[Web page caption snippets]
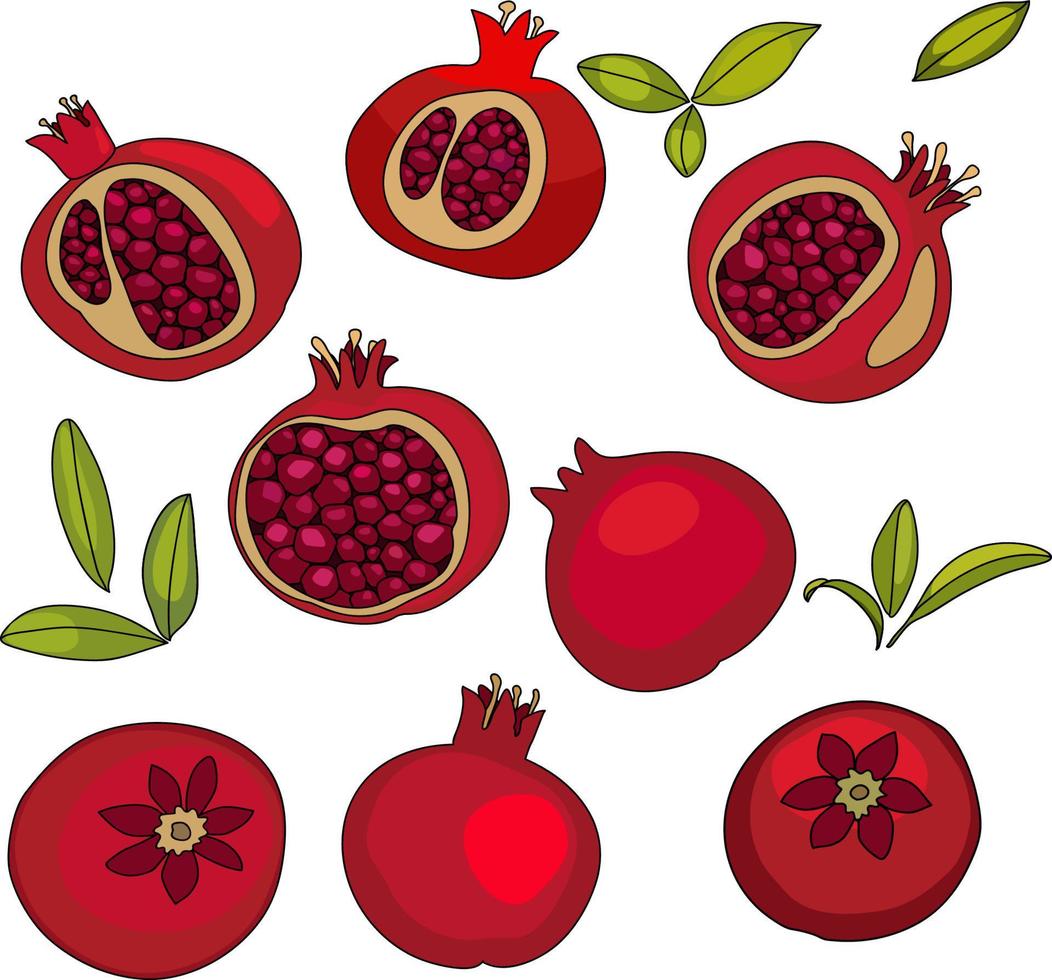 red pomegranate fruit, several fruits vector illustration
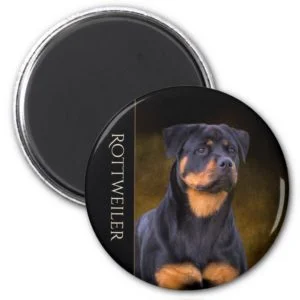 Rottweiler Fridge Magnet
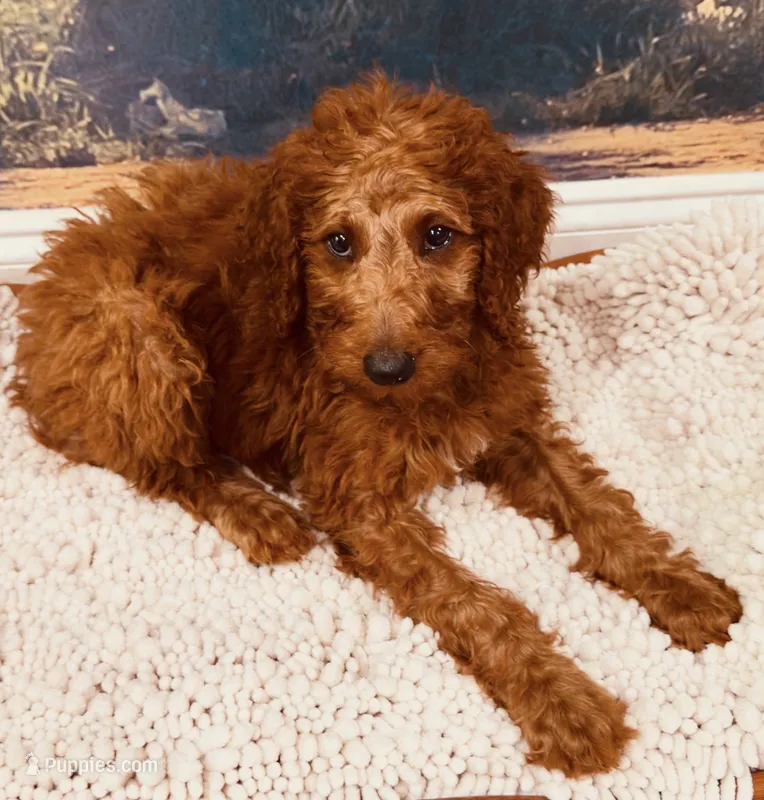 Mr Yellow – Goldendoodle puppy for sale in Gadsden, AL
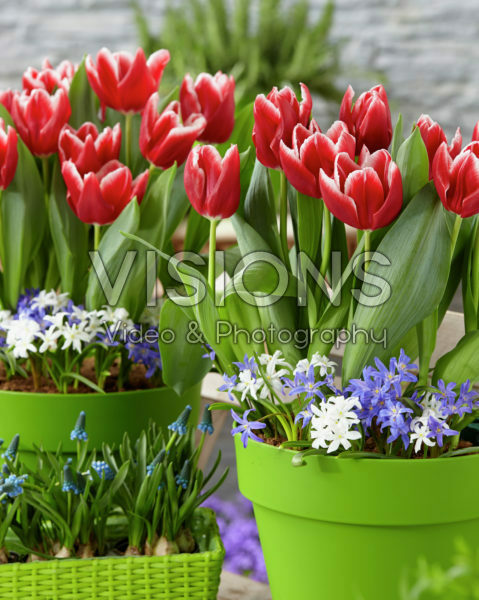 Tulipa Vampire Tulipa Vampire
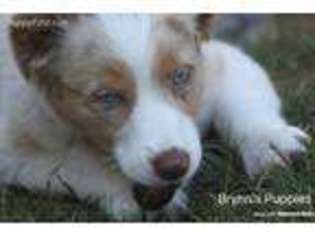 Miniature Australian Shepherd Puppy for sale in Sherwood, OR, USA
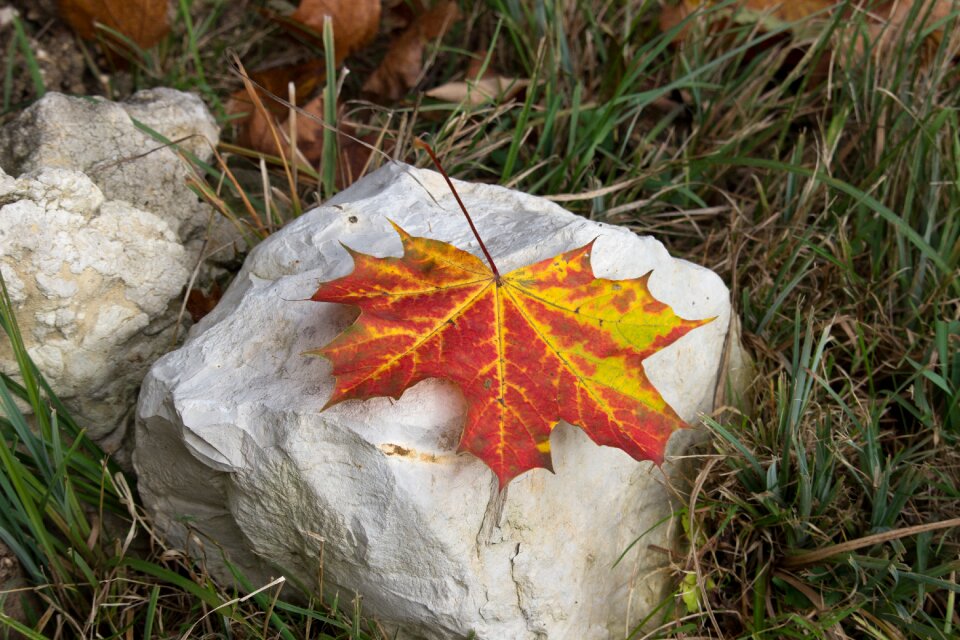 Autumn stone color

WHAT IS NEEDED.
The lines from the one holding "Rottweiler Fridge Magnet" through the end of the entries are to be transcribed exactly, both ends included, with the pictures left out.

TASK RESULT.
 Rottweiler Fridge Magnet
 Mr Yellow – Goldendoodle puppy for sale in Gadsden, AL
 Tulipa Vampire Tulipa Vampire
 Miniature Australian Shepherd Puppy for sale in Sherwood, OR, USA
 Autumn stone color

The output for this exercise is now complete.